Anyone that has that kinda money are probably already in bed with googles capitalistic hellscape ideals for hte internet and not interested in going against them.
Creating competitors for things like Reddit and Facebook are relatively easy. Creating a competitor for something that probably accumulates hundreds of terabytes, if not more, per hour? That takes insane amounts of storage, and bandwidth, and overhead, and everything else that costs more than any regular person could ever have a hope of even having a wet dream over.
Yet bittorrent does youtube fives times over with central governance. You have drunk too much cloud coolaid. My laptop could host my youtube channel without issue and I would still have enough juice to play counter strike and download the latest marvel slop movie.

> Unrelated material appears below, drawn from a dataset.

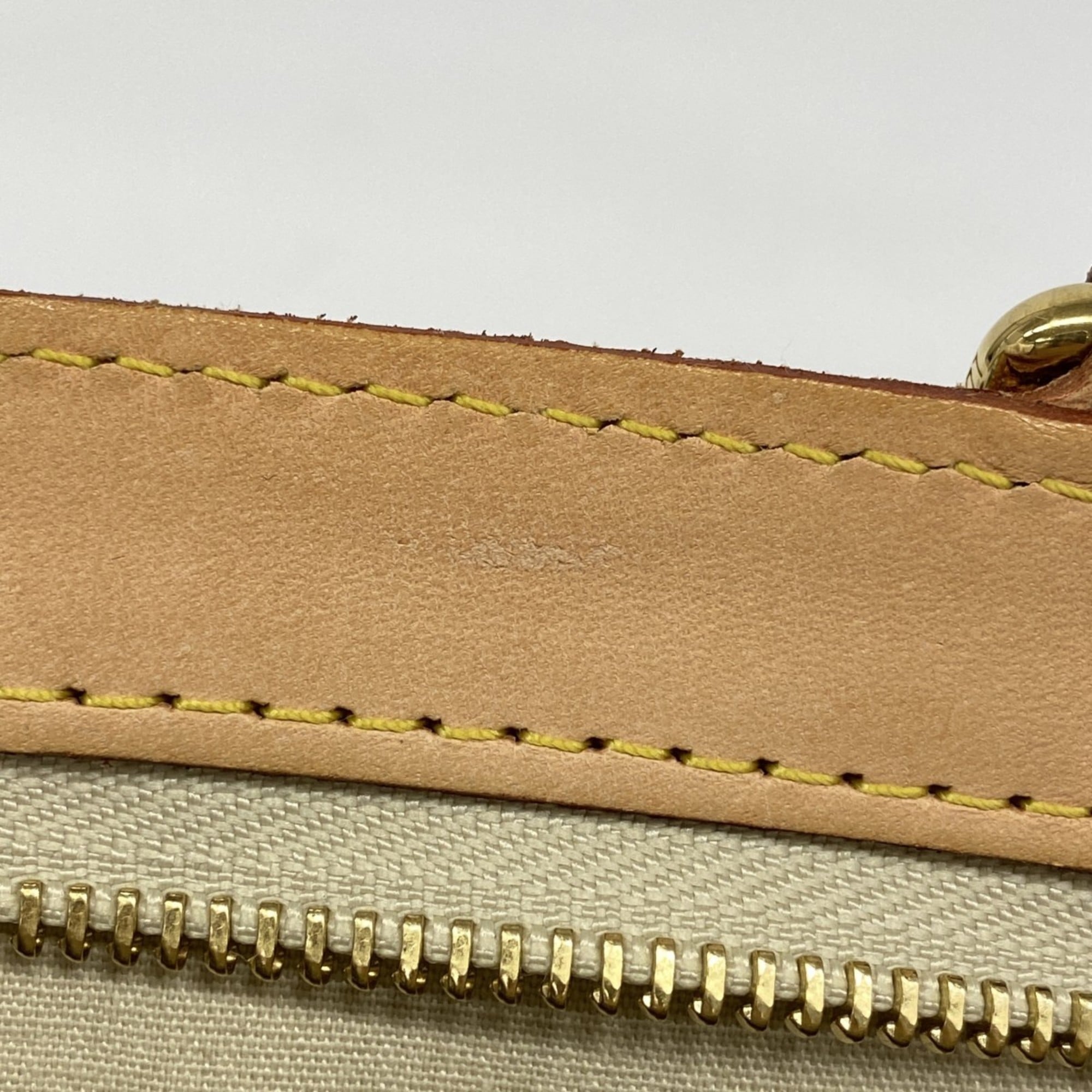 Louis Vuitton Blanc Corail Handbag (Pre-Owned)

Boy howdy, users sure would love to pivot to a peer distributed content system that randomly downloads chunks of a video file as they become available with speeds of anywhere between 2 bytes and 2 megabytes a second (which one you'll get depends on who you're getting the chunks from) with literally no guarantee of being able to even complete said download because the people they're downloading it from may not all have the entire file's worth of combined data across their respective computers, and they have to download the entire video before watching it to determine whether or not they even want to watch it in the first place. Also, there's no capacity for monetization without literally doing what Google is trying to do and injecting advertisements directly into the video, so there's no incentive for any content producers to use this system to distribute said content, meaning it would be a ghost town of a service from the start.
Yep, that would be a great system. /s
To be fair, a LOT of people swear by Popcorn Time, which is exactly that. I was surprised it worked as well as it does, too.